3 Forgetting as adaptive
The idea that forgetting is an adaptive process has gained considerable currency recently (e.g., see Nørby, 2015; Ryan & Frankland, 2022). A central tenet here is that “… information loss prevents overfitting to perceptual situations that are too specific. In other words, degrading stored information contained in a memory allows organisms to behave more flexibly and promotes better memory-guided decision-making” (Ryan & Frankland, 2022, p. 179). Forgetting then, in childhood and adulthood, is something that occurs in an adaptive memory system, one that is geared to promote the survival of the remembering organism (also see Howe & Otgaar, 2013).
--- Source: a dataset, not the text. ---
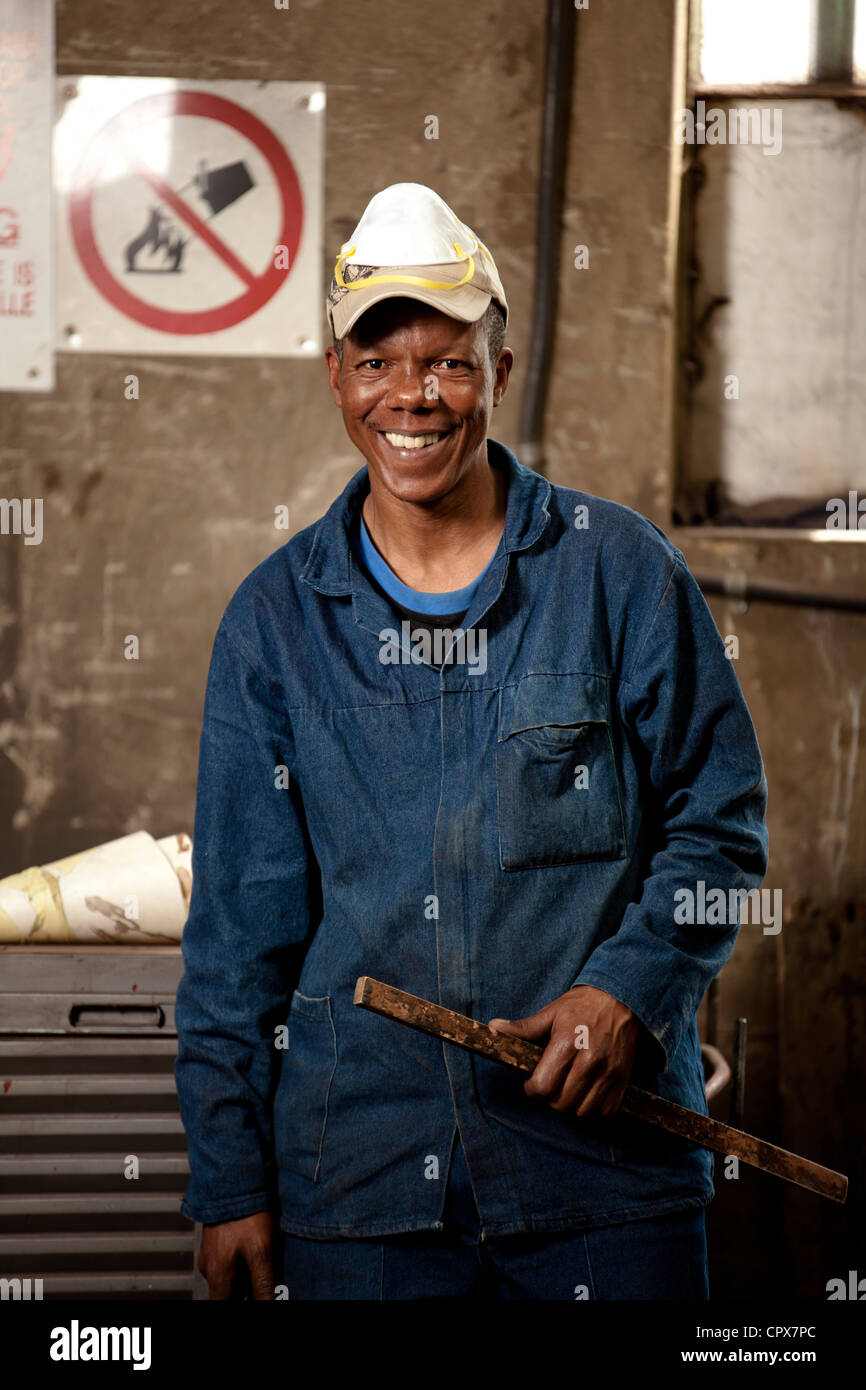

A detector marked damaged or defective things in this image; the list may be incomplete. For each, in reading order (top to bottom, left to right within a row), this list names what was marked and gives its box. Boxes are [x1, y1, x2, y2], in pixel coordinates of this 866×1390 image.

A related mechanism that, although not necessarily leading to the complete erasure of information but simply its modification, is reconsolidation. Like consolidation, reconsolidation involves initial trace volatility of engrams in memory followed by the stabilizing of the engram, in this case, following the retrieval of a previously stored memory trace. During the period of instability, additional information can be added to the original memory trace, information that subsequently becomes part of the newly restored engram. Through this process, the original trace is updated with new information, making that representation more pertinent to functioning in the organisms current environment.
Concerning the forgetting of early childhood experiences, one model suggests that the ongoing maturation of the hippocampal complex may make infantile memories inaccessible to later retrieval attempts (Alberini & Travaglia, 2017). The idea here is that there are critical periods in memory-related neural development in which the young organism is learning to learn and remember. Although memory traces may be laid down early in this development, forgetting of these traces might occur due to the maturation of the hippocampal memory system in response to these infantile experiences, making memories of these early experiences inaccessible to retrieval attempts in this more mature memory system.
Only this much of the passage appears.